For gremolata: combine all ingredients together in a small bowl. Strew the gremolata over the osso buco before serving.
What about you? Are you Food Network obsessed? Do cookbooks threaten to overtake your kitchen? Are you a Le Creuset fan?













{ 23 comments… read them below or add one }
LOL on my one day this week that I get to sleep past 7 am and get up at a leisurely pace, you have made me so hungry that I want to go downstairs and cook that meal immediately. I copied it and will now try and fix it myself. ….if only I could get a cute chef to do it for me. LOL
Good morning all
Morning to you too although it’s now night time here. Snow everywhere!
Hold down your ALT button and type in the keypad to the right for:
156 is £
3 is ♥
171 is ½
172 is ¼
0169 is ©
0174 is ®
Apparently not on a mac.
You should see what happens.
Mac board= ‘Option’ Key and ’3′ button makes £
£ YAY it worked! Thanks Ti!
Dee –
Tell me why I need one of these pans/pots? I feel like I want to want one based on your enthusiasm but don’t know anything about them! (and I have some gift cards burning a hole through my purse, begging to be spent!)
They’re amazing for braising. Stovetop to oven to table. And the clean up is remarkable!
Oh, I’m so jealous! I want a Le Creuset so badly. I clearly need to find these sales you have. The recipe sounds awesome. I’m printing it out to try. Love Food Network, too! Met Tyler Florence (very briefly) once at the race track of all places. Somebody had him doing a cooking demo on a giant grill for Memorial Day.
Yeah, but all you guys get to actually meet the man. Although I do love my pans. (and the sales!)
I love Food Network! Chopped is my fave show, along with Barefoot Contessa. I also love Tyler Florence. Did I tell you gals I met him? He did a cooking demo and book signing a couple years ago here in ATL and the DH and I went. There is actually photographic proof of this meeting
I bought two of his cookbooks, which he signed for me. He was lovely and a lot of fun. I’ve never tried his osso bucco recipe, but I have made it before–it’s the DH’s favorite thing to eat on the planet. I’m definitely going to try Tyler’s recipe. Thanks, Dee!
Too cool to have met him! That makes the dish that much sweeter. I’d never tried making it before, but it really was easy peasy. Just the prep work really. And OMG delicious!
Too cool to have met him! That makes the dish that much sweeter. I’d never tried making it before, but it really was easy peasy. Just the prep work really. And OMG delicious! Plus now I can say I made a Gremolata… take that Chopped!

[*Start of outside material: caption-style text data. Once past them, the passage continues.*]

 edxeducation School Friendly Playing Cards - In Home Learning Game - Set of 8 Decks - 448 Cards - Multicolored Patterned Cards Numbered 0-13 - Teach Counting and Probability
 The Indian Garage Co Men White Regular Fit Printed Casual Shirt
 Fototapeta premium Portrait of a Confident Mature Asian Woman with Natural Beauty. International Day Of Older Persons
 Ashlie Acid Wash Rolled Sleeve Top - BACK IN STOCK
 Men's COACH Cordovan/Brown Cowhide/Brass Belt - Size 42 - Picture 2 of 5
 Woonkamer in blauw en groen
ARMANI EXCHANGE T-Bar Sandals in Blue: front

I’ve never made osso buco but this looks fabulous and I think I can handle it. But first, I need that Le Crueset. Pretty, pretty blue!
My other one is boring beige. So was delighted to have the blue. The amazing thing about the Le Creuset is that it cleans like a dream. You eat your osso buco (or braised lamb shanks–they were delicious too) and the pot looks frightening and then cleans up in a snap. That makes it worth the price alone!

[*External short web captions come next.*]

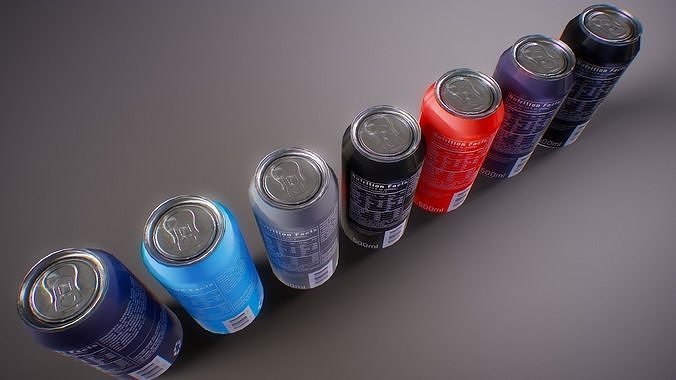 PBR Energy Drink Collection Low-poly 3D model 5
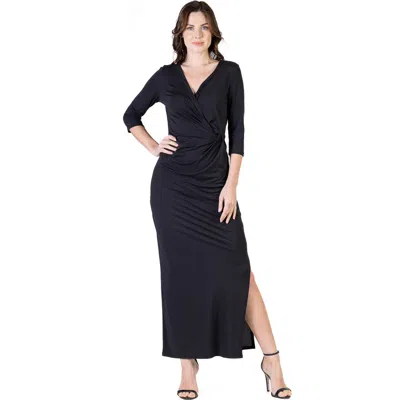 24SEVEN COMFORT APPAREL 24SEVEN COMFORT APPAREL FITTED V-NECK SIDE SLIT MAXI DRESS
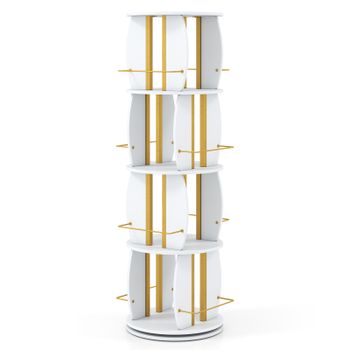 Costway Estantería Giratoria 360 Grados Cuatro Niveles Estructura Metálica Dorada Almacenamiento Multifunción para Hogar 40 x 40 x 128,5 cm Blanco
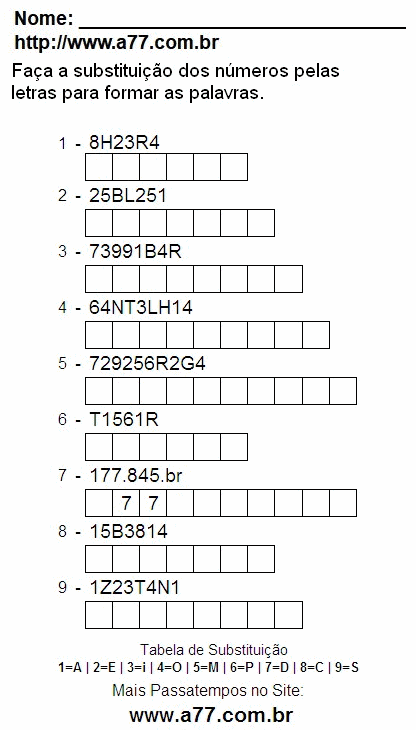 Passatempo Para Impressão Com Letras e Números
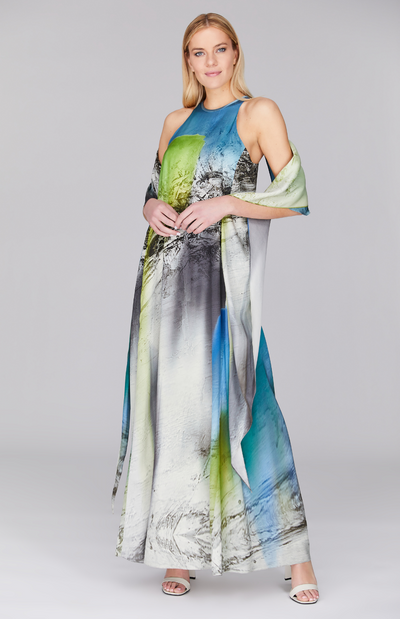 Abstract Landscape Long Trapeze Gown w/ Cascade Back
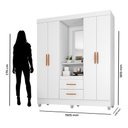 Ver imagem 3 de Guarda Roupa Casal Capela com Armário Multiuso Lite Branco Brilho - Móveis Leão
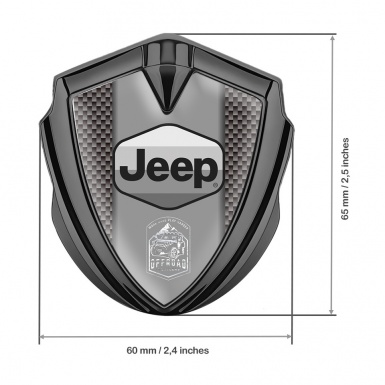 Jeep Emblem Fender Badge Graphite Carbon Fiber Grey Logo Offroad Motif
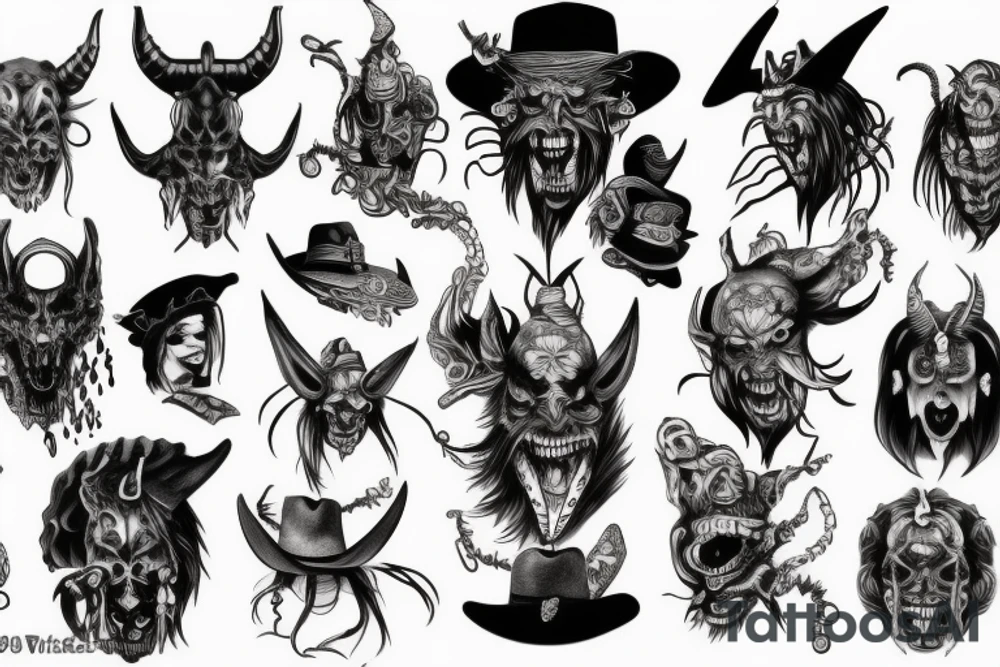 Wild west demon tattoo idea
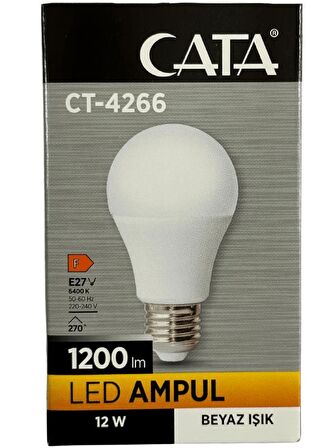 Cata CT-4266 12W 6400K (Beyaz Işık) E27 Duylu Led Ampul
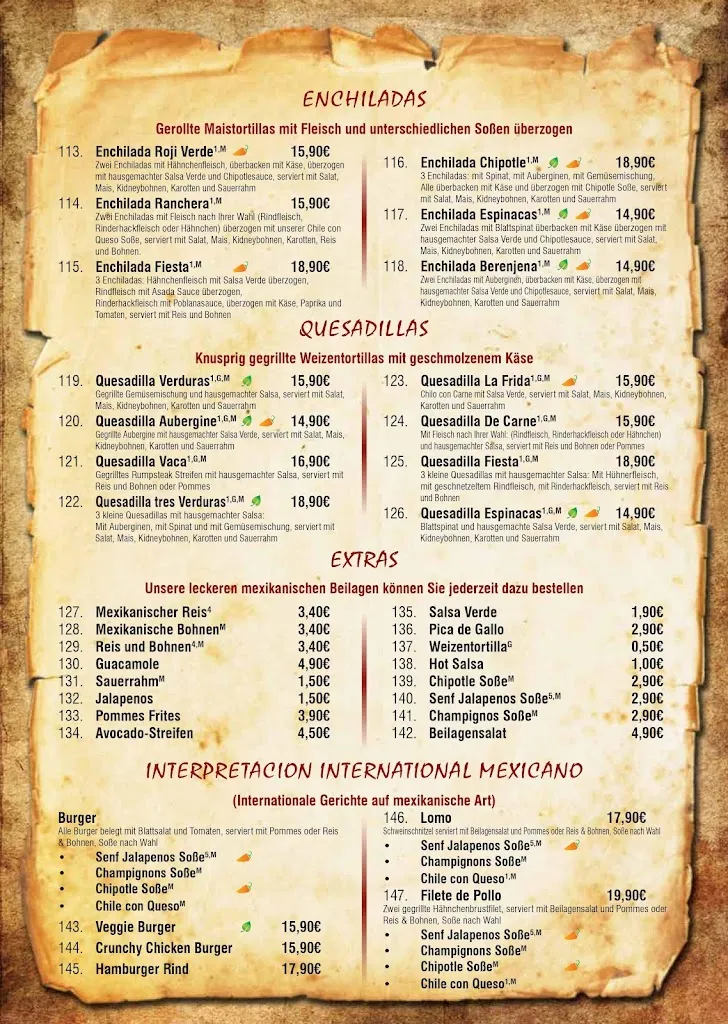 Menü_La Frida Mexicana_Viernheim_Bild_2
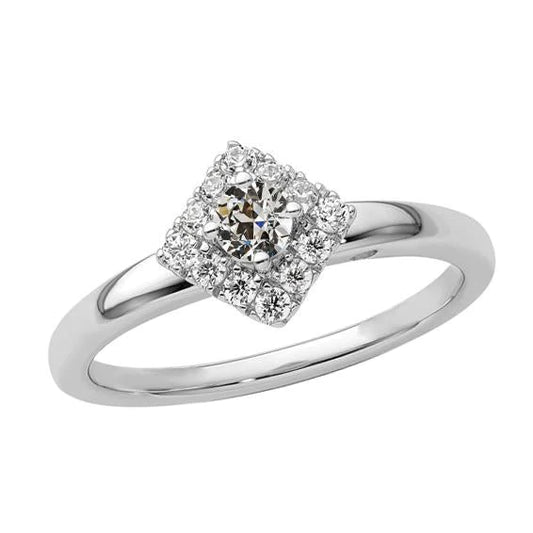 Round Old Miner Real Diamond Halo Ring Prong Kite Style 2 Carats Jewelry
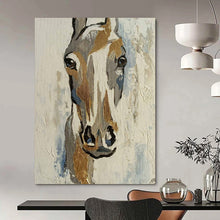 Load image into Gallery viewer, Minimalist Abstract Horse Art, Gold - Accented Neutral Tones for Modern Farmhouse & Equestrian Bedroom LargeART2186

I was FoodNetwork obsessed but since moving here not so much. My parents love the down to earth Pioneer Girl (Lady? Woman?).
I love recipes. I do not follow them though. I use a known recipe but change it to create my own.
I collect cook books especially old ones and regional. I have some that explain why certain foods come from certain regions. I also have one strange find, a spiral bound Scottish celebrity cookbook that also has medieval recipes in it. My treasure is the cookbook from Red Mountain Baptist Church NC. It was made from about 1986 and every single person that contributed, I am related to. And there are a few from my Great Grandma. So its treasured. The covers are falling off and my daughter has told me when I croak she inherits it. (Standing joke..I am not offended by it at all.)
I admit to owning a teeny very well used Le Creuset pot with lid. It came from a carboot sale (flea market) and cost me a whole £1 (or about $1.40).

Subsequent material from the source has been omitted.